Desorientadas e ameaçadas de represálias, poucas famílias têm coragem de denunciar. Mariene da Silva Santos, moradora da favela de Ondina, é uma exceção. Seu filho, Gabriel, de 17 anos, foi morto junto com outro jovem por um policial militar em 1º de dezembro de 2024. Vestido à paisana e acompanhado de sua namorada, o policial executou suas vítimas em plena rua. A cena, de uma brutalidade inacreditável, foi filmada e permitiu que o policial fosse preso. “Sem esse vídeo, nunca teríamos sido levados a sério. Os policiais aqui não têm limites”, testemunha a mãe, devastada pela dor.
Diante das críticas, a corporação se fecha. “Essas histórias de abusos são casos isolados, exagerados pela mídia”, afirma um policial militar em off. No PT, não há questionamento. Rui Costa (que não respondeu às solicitações do Le Monde) já zombou no passado das “imprecisões” das ONGs, acusadas de comparar “melancias com abacaxis”. Lula evita criticar seu valioso aliado baiano, nomeado para chefiar a Casa Civil, cargo de super chefe de gabinete da presidência. “Lula fecha os olhos e se comporta como um cínico”, afirma Samuel Vida.

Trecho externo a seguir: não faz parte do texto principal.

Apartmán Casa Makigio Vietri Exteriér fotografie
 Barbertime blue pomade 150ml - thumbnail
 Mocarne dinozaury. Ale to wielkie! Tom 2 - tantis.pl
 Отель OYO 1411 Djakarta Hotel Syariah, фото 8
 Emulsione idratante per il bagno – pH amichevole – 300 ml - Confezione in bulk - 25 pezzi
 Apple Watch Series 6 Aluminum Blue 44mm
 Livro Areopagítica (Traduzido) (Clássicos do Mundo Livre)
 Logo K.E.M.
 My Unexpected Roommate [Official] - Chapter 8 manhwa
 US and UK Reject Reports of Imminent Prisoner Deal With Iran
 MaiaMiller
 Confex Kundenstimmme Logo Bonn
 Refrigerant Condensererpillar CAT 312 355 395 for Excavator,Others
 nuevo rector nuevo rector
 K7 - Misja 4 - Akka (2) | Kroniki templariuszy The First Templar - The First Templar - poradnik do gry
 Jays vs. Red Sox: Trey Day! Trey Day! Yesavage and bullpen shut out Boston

À frente da Bahia, o governador petista Jerônimo Rodrigues tentou dar garantias. Seiscentos soldados da polícia militar foram equipados com câmeras portáteis. “Não só é muito pouco, como essas câmeras foram destinadas a unidades secundárias, longe da ‘linha de frente'”, denuncia Eduardo Ribeiro, que pede para “acabar com a lógica de guerra” e “abrir um grande debate social” sobre os abusos.